Producers write messages to topics, and consumers read messages from them. Kafka supports multiple consumers for independent processing of the same stream.
Kafka integrates the features of both queuing and publish-subscribe models, offering consumers the advantages of each approach.
Messages are serialized as key/value pairs before sending to Kafka. Kafka stores messages on disk with configurable retention periods providing data persistence and reliability.
Kafka ensures data durability and fault tolerance by replicating partition data across multiple brokers. The primary copy of a partition is the leader replica, while additional copies are follower replicas. Data is written to the leader, which automatically replicates updates to the followers.
Serialization and deserialization in Kafka are about converting data between its original format and a byte array for transmission and storage, allowing producers and consumers to communicate efficiently.
Compression in Kafka is reducing the size of messages before they are stored or transmitted, optimizing storage usage, reducing network bandwidth consumption, and improving overall performance.
Apache Kafka can be used in various use cases such as real-time analytics, event sourcing, log aggregation, data pipelines and handling sensor data from IoT devices in real-time.
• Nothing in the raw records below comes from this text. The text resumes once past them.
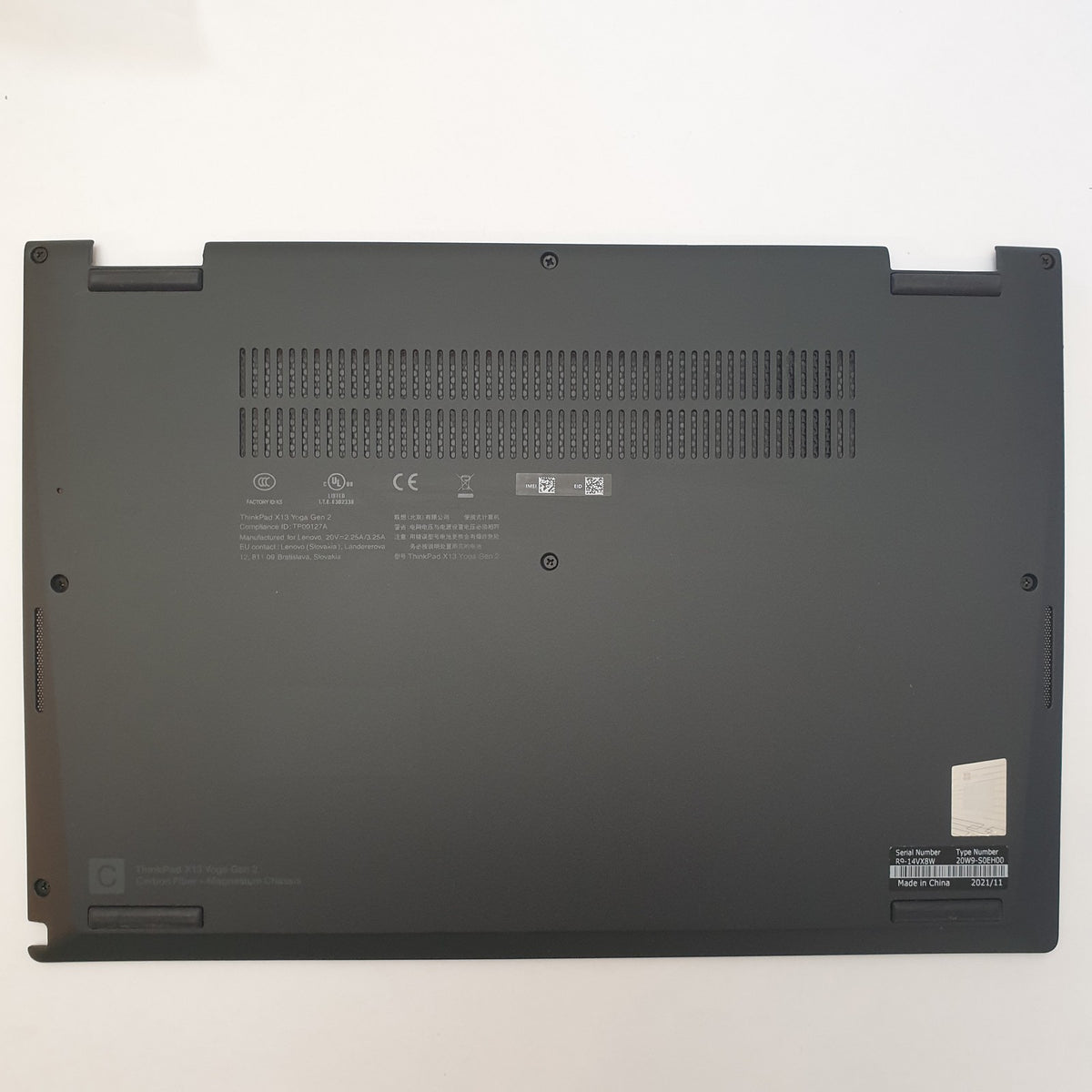 Lenovo ThinkPad X13 Yoga Gen 2 Gehäuse Unterschale Unterteil Bottom Base Cover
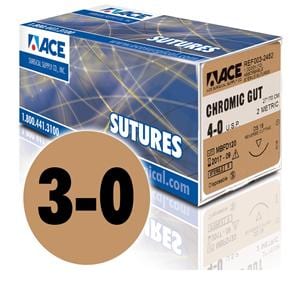 Suture 3-0 30" Chromic Gut HR-26 12/Bx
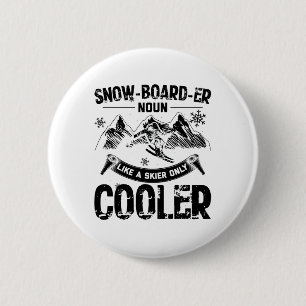 Bóton Redondo 5.08cm Snowboarders  Presentes De Neve De Inverno De Apre
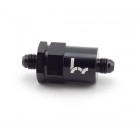 HYBRID RACING BLACK INLINE FUEL FILTER -6AN TO -6AN (UNIVERSAL)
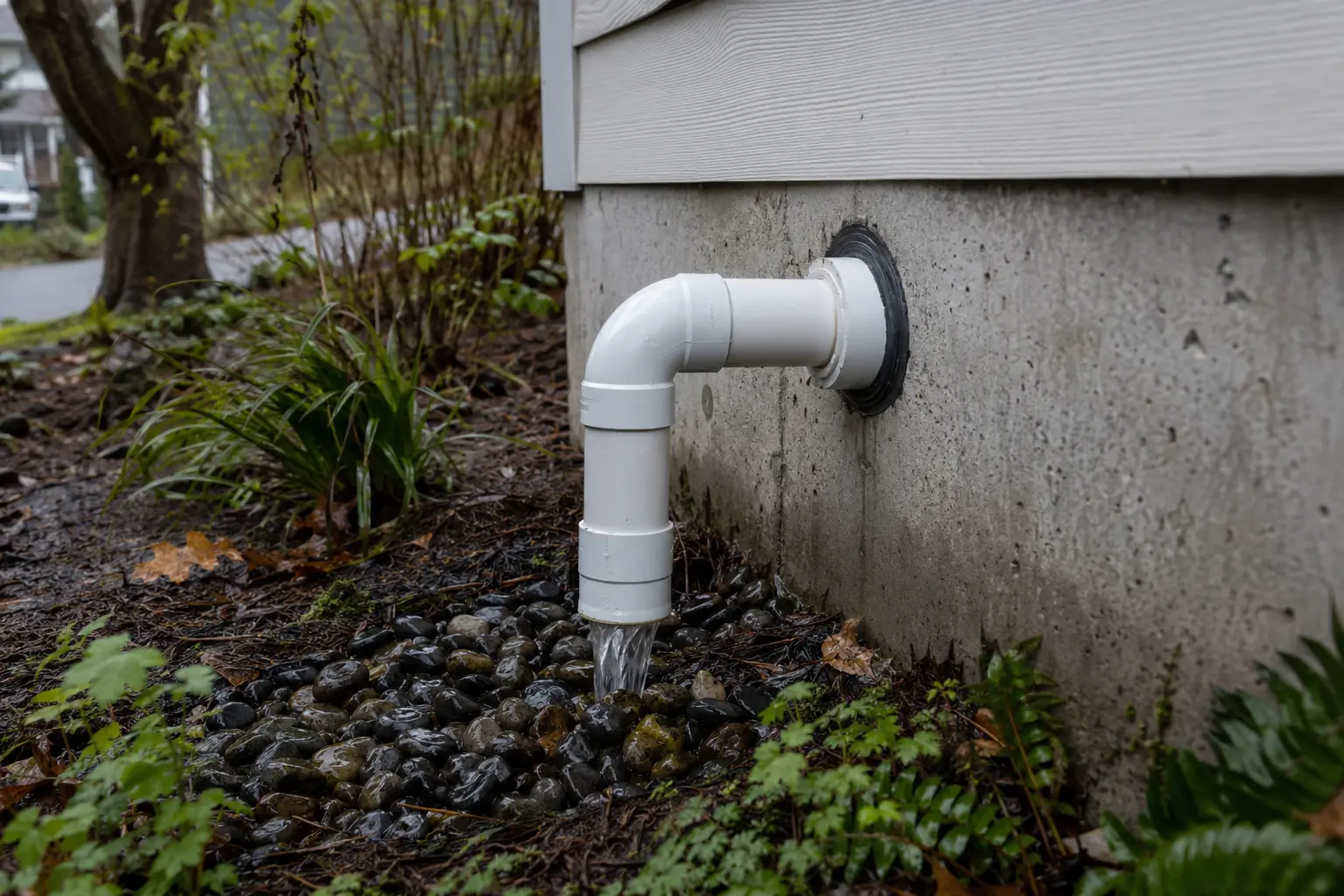  Sump pump discharge pipe draining beside a Portland home’s foundation in wet winter landscaping
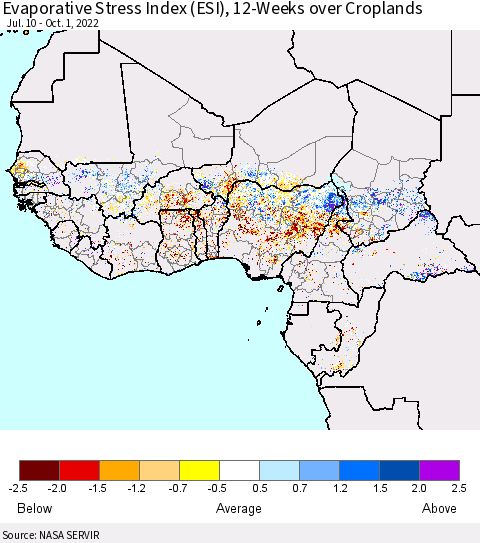 Western Africa Evaporative Stress Index (ESI), 12-Weeks over Croplands Thematic Map For 9/26/2022 - 10/2/2022
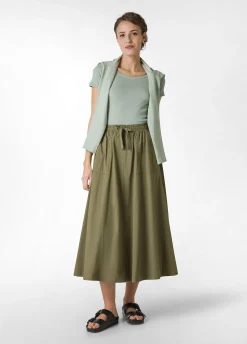 Outlet Gonna Lunga In Popeline Verde Donna Vestiti, Gonne E Tute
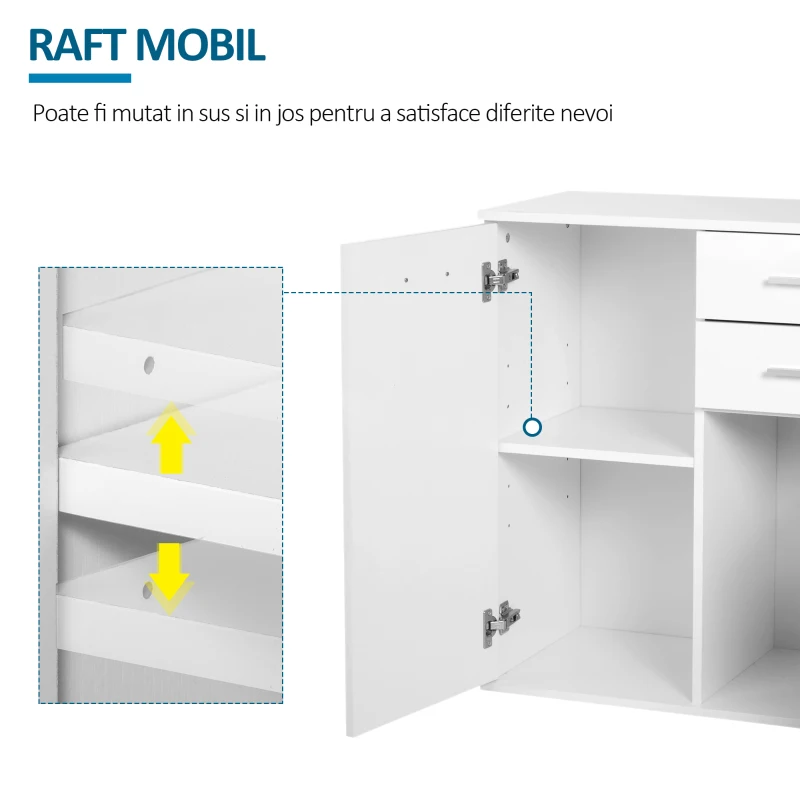 HOMCOM Mobilier Comoda 2 Sertare 2 Usi cu Raft Reglabil din Lemn, Alb Lucios, 71x35x76cm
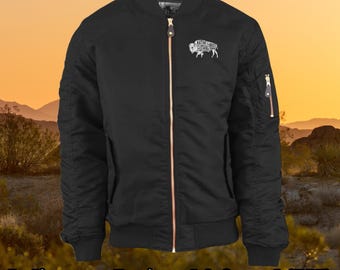 Unisex Bison Embroidered Bomber Jacket - Honoring First Nations Inuit Native American Indigenous Cultures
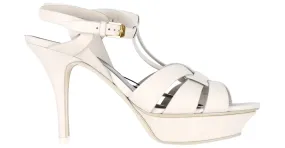 Sandalias de plataforma Tribute de Saint Laurent en cuero blanco Crudo 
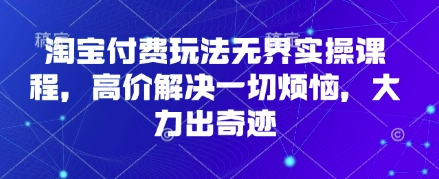 淘宝付费玩法无界实操课程，高价解决一切烦恼，大力出奇迹-知源网创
Optimizing Kafka's performance involves fine-tuning various components to balance throughput and latency effectively, tuning options include partition management, producer configuration, and consumer configuration.
An example application in NestJS and KafkaJS is built which records temperature in a room and transmits this data using Kafka. Producer, Consumer, IProducer, and IConsumer classes are created to handle the specifics of Kafka’s Producer and Consumer implementations.